With more training, Kerley’s talent emerged. At Texas A&M, he was the NCAA champion in the 400 meters in 2017. Two years later, he was a bronze medalist in the event at the World Championships. His future seemed to be in the 400, but he started eyeing shorter sprints during the pandemic. In a way, Kerley said, he wanted to get back to his roots as a sprinter and long jumper. Or, as he himself said, “go back to my field of play.”
The world of athletics has been surprised by his unconventional decision. Going from 400 to 100 isn’t quite the same as hanging up your hurdle shoes to go hammering, but it’s not an easy transition, either. The 100 requires different skills and a fresh approach to training. There is a reason few athletes have been world class in both disciplines.
But Kerley vindicated his move to winning the silver medal in the 100 meters at the Tokyo Olympics of last summer, and it has only continued to improve. At the U.S. championships last month, he ran in 9.76 seconds in his semi-final, the third-fastest time ever for an American, and then blew out a large field in the final to win. the title in 9.77 seconds less than two hours later. Jamaican Usain Bolt remains the world record holder with 9.58s.
But while many sprinters fill reporters’ notebooks like wrestlers, Kerley tends to keep his thoughts to himself. After winning his first round on Friday, he flew past the reporters without taking questions. Asked by a reporter for the athletics website FloTrack about his plan for Saturday, Kerley glanced over his shoulder and, without breaking stride, said, “What did I tell you last time?” (It was not immediately clear what Kerley had said last time. After some detective work, FloTrack reporters determined that Kerley had said, “You’ll see.”)

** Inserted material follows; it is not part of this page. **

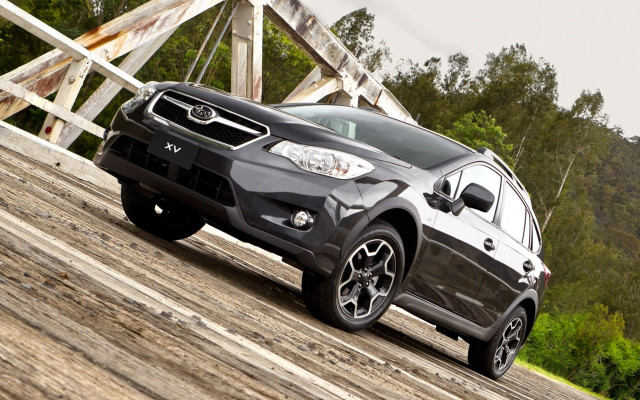 Black suv wooden road bridge free wallpaper for desktop - medium preview image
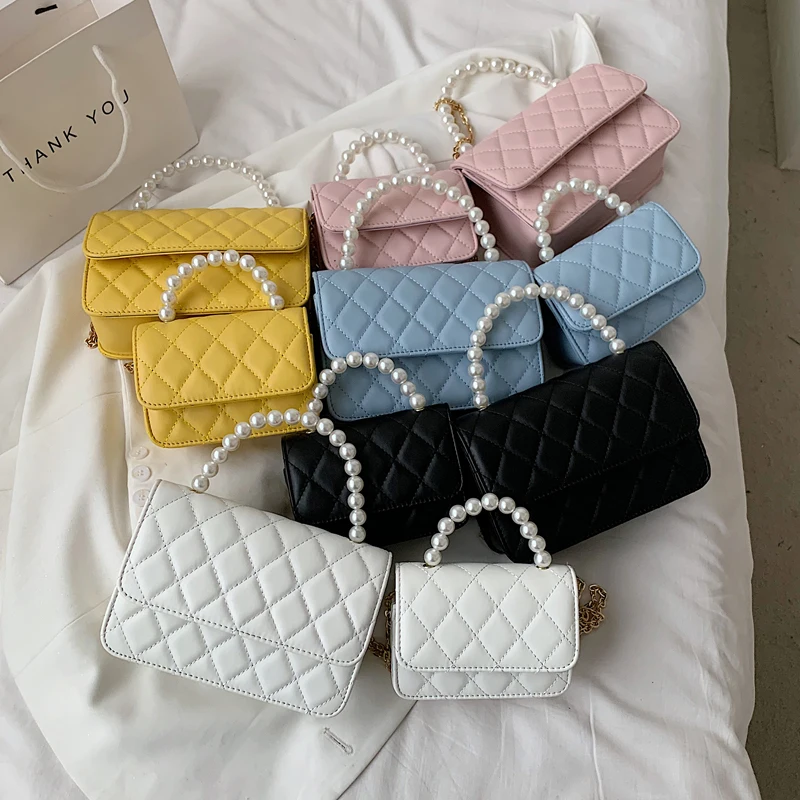 

Pearl Handle Tote Luxury Designer Handbag Quilted Women's Bag 2022 Trend Crossbody Bags For Women Lady Women's Shoulder Clutch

This is how he won the 100 meters in the World Cup
Bracy-Williams said that Kerley was more playful and talkative with his friends and peers. “Contrary to popular belief, she’s not the stone face everyone thinks she is,” Bracy-Williams said. “He is a fun guy. But when he comes here, it’s all business.”

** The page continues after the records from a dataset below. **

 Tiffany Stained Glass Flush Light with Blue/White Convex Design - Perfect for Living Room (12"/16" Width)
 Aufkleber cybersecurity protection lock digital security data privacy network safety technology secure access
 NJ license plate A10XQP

Kerley’s competitive streak extends beyond the track. On Thursday, she played cornhole with Bracy-Williams and treated it like an Olympic final. Kerley, it seems, is willing to compete in anything. “Even if it’s about drinking water,” Bracy-Williams explained.

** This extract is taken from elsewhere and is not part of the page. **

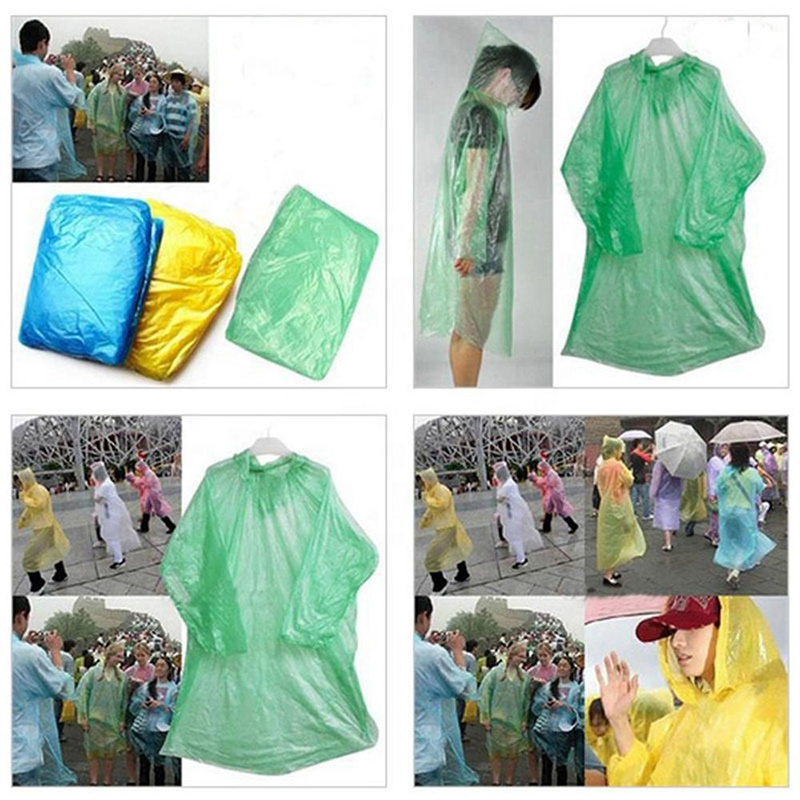 Outdoor Travel Clear Pe Transparent Disposable Raincoat Pocket Promotional Business Gifts Raincoats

There is one topic that does seem to arouse Kerley’s interest when speaking publicly, and that topic is specific: the people who doubted that he was going to be good in the 100 meters. As for how many of those people actually exist, who’s to say? But Kerley has used them, real or imagined, to feed himself.
As for the future, Kerley said he would run in the 200m this week and would be available for relays in the 4x100m and 4x400m races. (Stay tuned. Or, as he likes to say, “You’ll see.”) But while he knows being the 100-meter world champion will change his life—“The future is bright,” he said—he isn’t about to limit himself or bow to conventional wisdom. “In a couple of months,” he said, “I’ll probably be back to doing the 400″.